> **Try it**
Copy out the line bearing "Live Webcam Großes Mausohr Rodenbach #2" and all the lines after it, to the very end of the material below, exactly as written.

> **Collected material**
* * * *
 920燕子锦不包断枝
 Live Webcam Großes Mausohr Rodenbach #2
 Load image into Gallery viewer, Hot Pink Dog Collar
* * * *
> **Expected output**
 Live Webcam Großes Mausohr Rodenbach #2
 Load image into Gallery viewer, Hot Pink Dog Collar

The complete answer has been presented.